Earlier this year City Limits published an investigation that explored at an often overlooked part of the housing crisis in New York: the role banks do—or don’t but should—play in monitoring conditions in the multifamily buildings on which they hold the note.
After all, if lousy landlords didn’t get the loans that let them purchase buildings where other people live, they wouldn’t be landlords in the first place.
We reported then that the state’s Division of Financial Services was considering updating its bank examination process to incorporate concerns about housing conditions.
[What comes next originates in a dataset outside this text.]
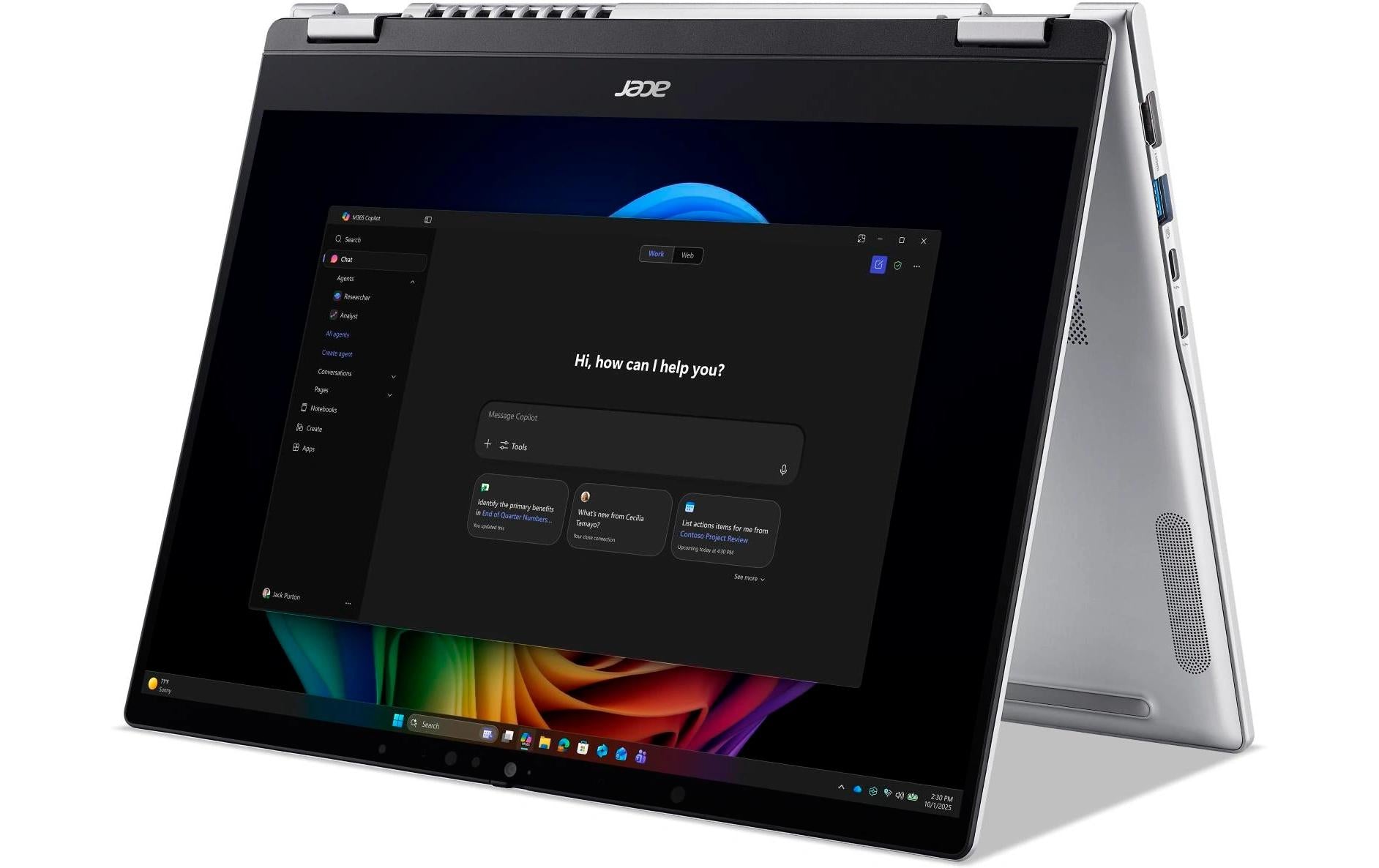 Acer TM P414RN-76 Spin – 14" WQXGA+ Touch, Core Ultra 7 356H, 16 GB, 512 GB SSD, Win 11 Pro, QWERTZ (CH)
Specifically, DFS was looking at adding loan soundness and housing-code compliance as criteria in its Community Reinvestment Act evaluations, which grade banks on whether they are adequately serving the communities from which they draw deposits.
Banks face two related criticisms: One is that there is not enough attention to building conditions like lead paint, broken elevators and bad plumbing when banks issue, refinance or just service a mortgage. The other is that banks sometimes provided mortgages too expensive for a building’s rent roll to support—meaning the landlord either has to get rid of low-income tenants and import richer ones or, more likely, save money by neglecting maintenance.
In a letter published on Tuesday but issued earlier this month, DFS superintendent Benjamin Lawsky outlined final regulations that make changes to CRA aimed at reining in banks.
“Unfortunately, indicators of distress previously witnessed during the real estate bubble are also beginning to rise,” the letter notes. Now, it continues, state examiners will “consider whether a bank has met its responsibility to ensure that a multifamily loan submitted for affordable housing or neighborhood revitalization credit under CRA contributes to, and does not undermine, the availability of affordable housing or neighborhood conditions.”
From now on, “where a concern around overleveraged or distressed lending is raise d on a multifamily loan submitted for CRA credit,” the state will look to see if it actually adds affordable housing, whether the housing is up to standard and whether the mortgage math makes sense.
The state won’t give credit for housing loans that facilitate “substandard living conditions as evidenced by a high number of housing code violations, emergency repair liens, water bill liens or indexes of such measures such as those contained in the New York City Department of Housing Preservation and Development ’s At – Risk Multifamily Building Data, the University Neighborhood Housing Program’s Building Indicator Project Database” and other sources.
In a blog post, the Association of Neighborhood Housing Developers called the state’s move an “effective way to encourage responsible lending and discourage predatory lending.”
“We especially applaud the attention to overleveraging and the encouragement of close collaboration with community groups that are working directly with tenants to monitor and respond to issues in their buildings,” ANHD blogger Jaime Weisberg added. “This could—and should –be a model for state and federal exams nationwide.”